Why I photographed a cornfield from the air
Glenn Boyette will tell you that he has been farming for all of his 59 years. With 100 acres in Johnston County, he has worked his farm 11 hours a day, seven days a week.
That changed after one of Boyette’s rare trips away from the farm. While vacationing in the Outer Banks, he and his wife Bonnie decided to climb the 268 steps to the top of the Cape Hatteras lighthouse, but severe chest pain cut their ascent short.
Upon his return to Raleigh, a nuclear stress test revealed that three of the arteries leading to Boyette’s heart were blocked and that he needed triple bypass surgery. Cardiothoracic surgeon Robert Peyton, MD, performed Boyette’s procedure at the WakeMed Heart Center. His cardiologist Matthew Hook, MD, and the highly skilled WakeMed Heart Center staff cared for him after the procedure.
Once home, Boyette thought about the incredible care and caring he received as a patient at the WakeMed Heart Center and wanted to find a way to properly thank the staff and physicians for all they did to save his life.
It just so happens that Boyette is the founder of one of the most successful Halloween attractions in the area, The Clayton Fear Farm. Each year, the Boyettes create a massive corn maze with more than two miles of trails. He thought, “What better way to say thank you than to carve the WakeMed Heart Center logo out of corn?”
A beautiful day
A few months later I climbed aboard Air Mobile, WakeMed’s helicopter for a fuel run to Johnston County.

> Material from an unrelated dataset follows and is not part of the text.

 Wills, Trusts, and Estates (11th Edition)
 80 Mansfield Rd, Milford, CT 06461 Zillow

Air Mobile must fly over the cornfield each time it refuels.
The pilot and I didn’t know the exact location of Clayton Fear Farm, so I looked it up on my smartphone. The pilot and crew checked of their pre-flight list, doors shut, seatbelts fastened. We donned helmets and headsets for communication, and to seal out the roar of spinning rotors.
I thought of my then-five year old daughter’s description of takeoff on her first flight as the helicopter lifted from the pad: “I feel joy in my stomach!”

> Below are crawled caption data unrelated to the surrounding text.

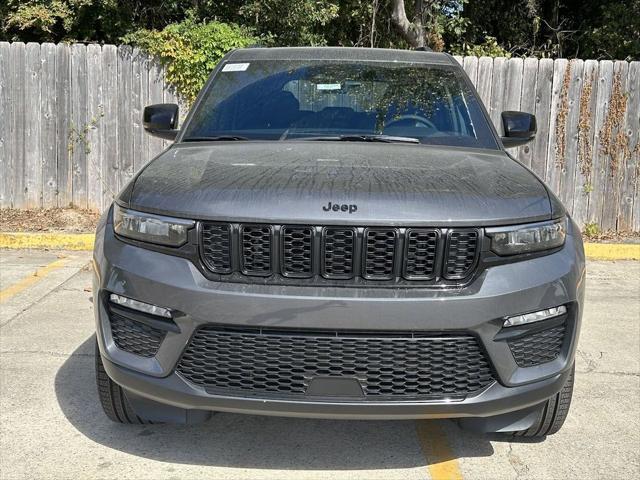 new 2025 Jeep Grand Cherokee car, priced at $48,530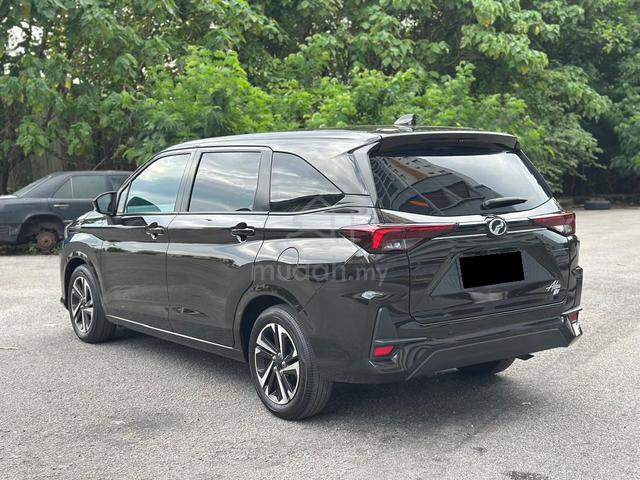 2024 Perodua ALZA 1.5 H MY22 (A) - 4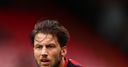 WATCH: Arter's Watford impersonation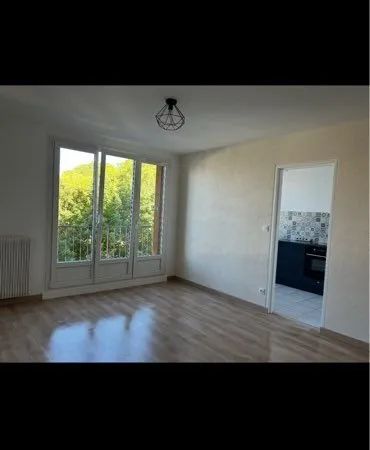 Location appartement Avenue de Valmy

We made a beeline to the farm. It was a perfect time of the day to make photographs. In fact, photographers call it “the golden hour,” when the light is most beautiful, about an hour before sunset. “Great time to get fuel,” I thought.
I took out my smartphone from one of the many pockets of my flight suit, using the onscreen map as a guide. The gps locator that represented the aircraft blipped toward our destination. We were close now, so we began to look for the maze.

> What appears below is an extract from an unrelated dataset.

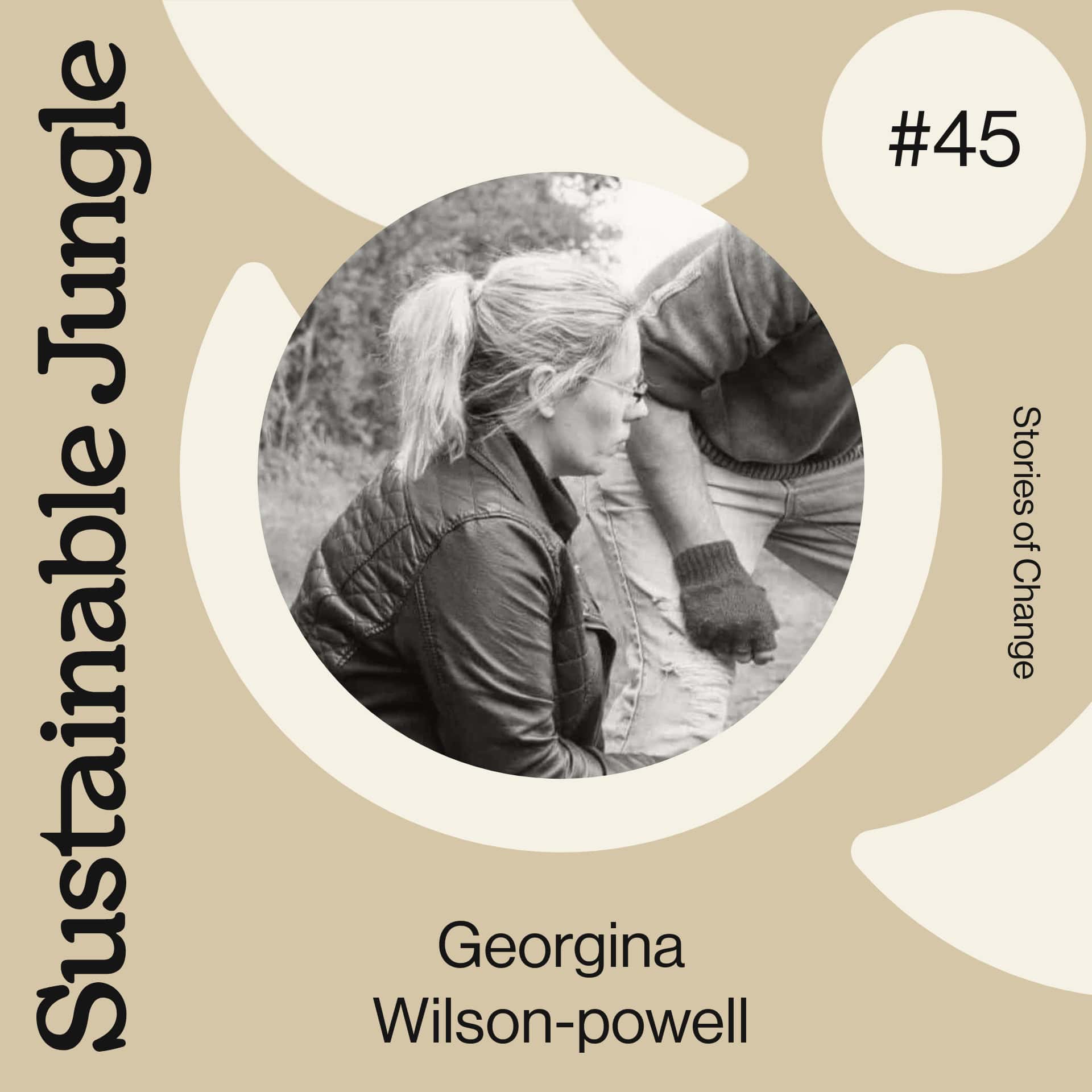 Georgina Wilson-Powell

Tom Parker, our pilot, saw it first. “That is PRET-TY cool,” he said. It took me another 15 seconds to spot it. It was a thing of beauty. The corn maze looked like a huge green welcome mat, and it was greeting us. On closer observation it looked like each stalk of corn was a pixel on a computer screen.
Cut paths formed the logo for the WakeMed Heart Center, with more paths cut around it to create a complex picture frame surrounding the logo centerpiece. The maze was exquisitely executed, precise and clean.
“I would not like to get lost in this maze,” I thought.
I opened a small hatch in the door, and stuck the camera lens out of the hole, and started pressing the shutter button, taking pictures in rapid succession as the aircraft circled the maze. The emerald green patch of crops fit in the context of the patchwork of the surrounding farmland.
Glenn Boyette and his family had found a most unique way a farmer could to say thanks for the gift of health regained.
Patients who experience above-and-beyond service and care at a WakeMed facility show their appreciation to physicians and staff in many ways. But only one has ever displayed his thanks in five acres of corn. I witnessed his appreciation from a height where it is best understood. I am honored to share with you what I saw that day.
Julie Macie is a graphic design architect with WakeMed. One of the roles she fills at WakeMed is that of photographer. She makes photographs all over our health care system, from employee portraits, to heart surgeries; from documenting employees in action in our emergency department, to capturing teaching sessions in our medical simulation laboratory. Suffice it to say, that Julie was quite surprised when she was asked to make an aerial photograph of the Clayton Fear Farm corn maze.